# Mariner/Mercury 40hp 4cyl 2-Stroke Idle woes



## Brett

Check the water tube grommet to block seal.
Did you replace the entire water pump housing?
Set idle rpms with engine in forward gear, while tied to dock.


----------



## timemachine

As for the idle, I would go through each of the carbs and clean out the insides before doing anything else.

After 25 years, and ethanol, they may be pretty well gooed up.


----------



## HaMm3r

500 seems like a pretty low idle RPM. I'd adjust that up to 700ish. I'd also replace the thermostat, it may be heavily corroded and sticking, which might explain your water pressure issues. As a quick test, you can pull the thermostat out and run it to see if it pumps better, just don't leave it that way.
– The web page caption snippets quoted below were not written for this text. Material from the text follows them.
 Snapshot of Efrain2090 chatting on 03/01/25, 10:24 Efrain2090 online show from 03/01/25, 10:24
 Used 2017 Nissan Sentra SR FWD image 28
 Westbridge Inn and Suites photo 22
As for whether or not it should be pumping water at low RPM, well it varies. I've had motors that didn't pump much at idle and others that were like a fire hose. It all depends on the design and when the thermostat gets hot enough to open up.


----------



## Bryan_G

Thanks for the ideas. After some more research, I think I'm looking at 3 problems. 

I think the shifter is in wrong so it's not going into neutral. I'll pull the lower unit again and fix that. 
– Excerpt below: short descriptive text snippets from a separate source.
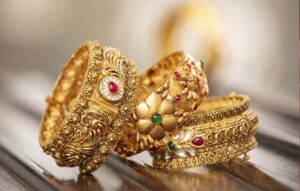 Gold-Silver Price Crash: 10 महीने में सोने-चांदी के भाव में बड़ी गिरावट, क्या दिवाली पर निवेश का सही समय है?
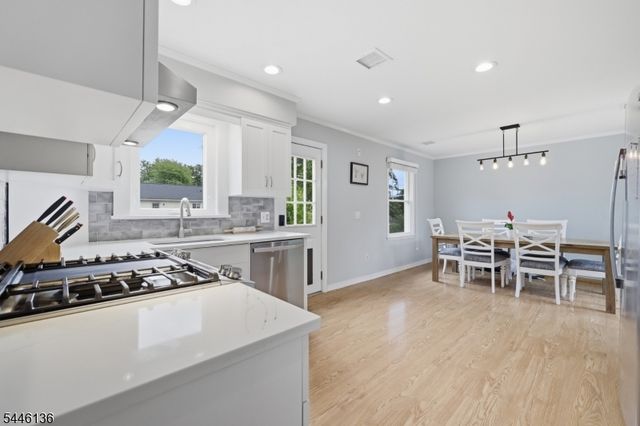 124 Rivervale Rd, River Vale Twp., NJ 07675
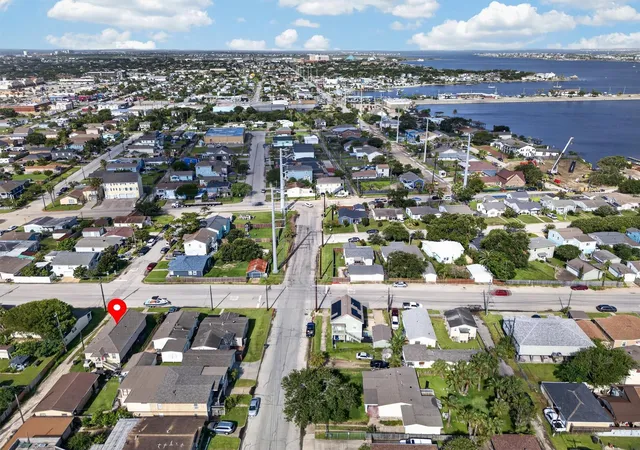 Photo 3 of Single family home for sale at 2112 57th Street, Galveston, TX 77551 | MLS# 42897287 | Listing updated on 2026-09-17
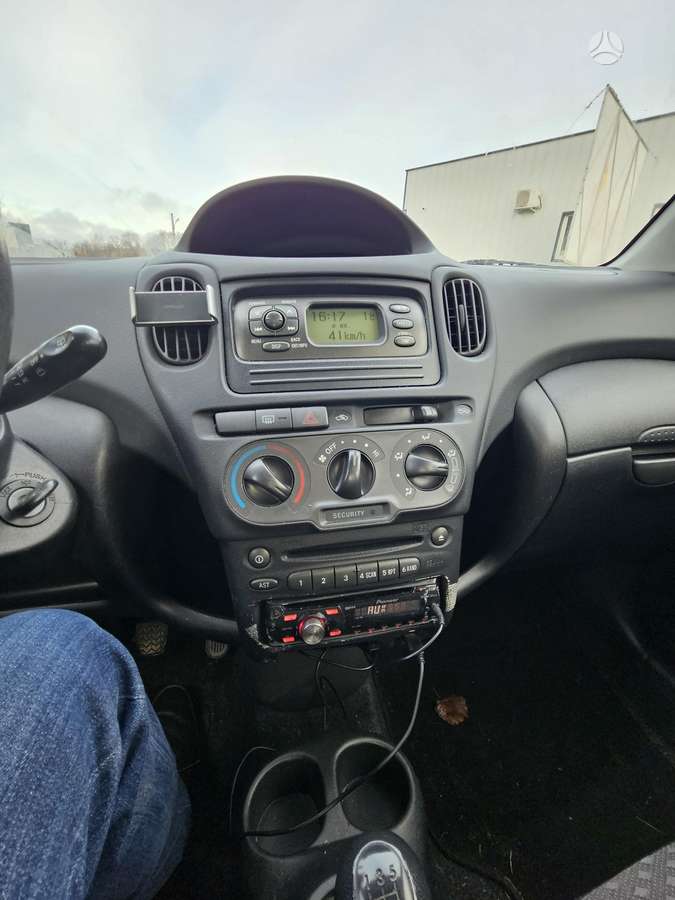 Toyota Yaris 2004 — engine 1300 cm³, 84 HP (62kW)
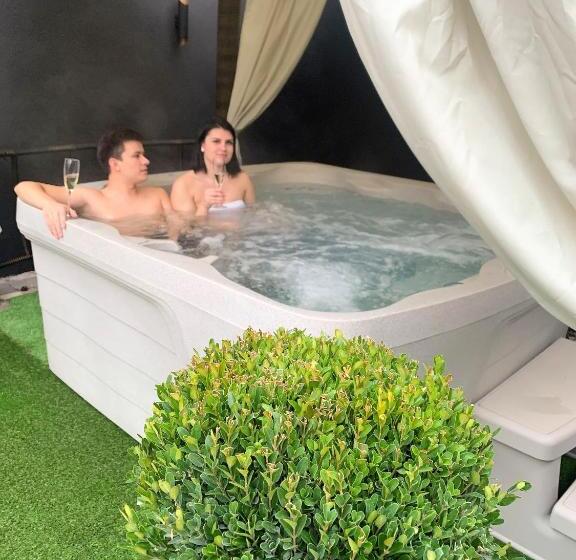 ベッドアンドブレックファースト Waterfront Lodge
I think i have a leak in the exhaust manifold gasket or the top of the water tube where it goes into the power head. I've pulled the exhaust plate off and will replace those gaskets. Hopefully that's it. 

I'm assuming the carbs need a good cleaning as well. 

I'll post back when i get it back together and can test again


----------



## Bryan_G

I replaced the gaskets in the exhaust manifold and it still doesn't shoot water at idle. Once it's rev'd up there is enough pressure and it starts coming out.  I think there is still a leak at the top of the water tube.

I fixed the shifter and it was definitely stuck in gear.  It will run in neutral now, but at low RPM it still tries to stall out.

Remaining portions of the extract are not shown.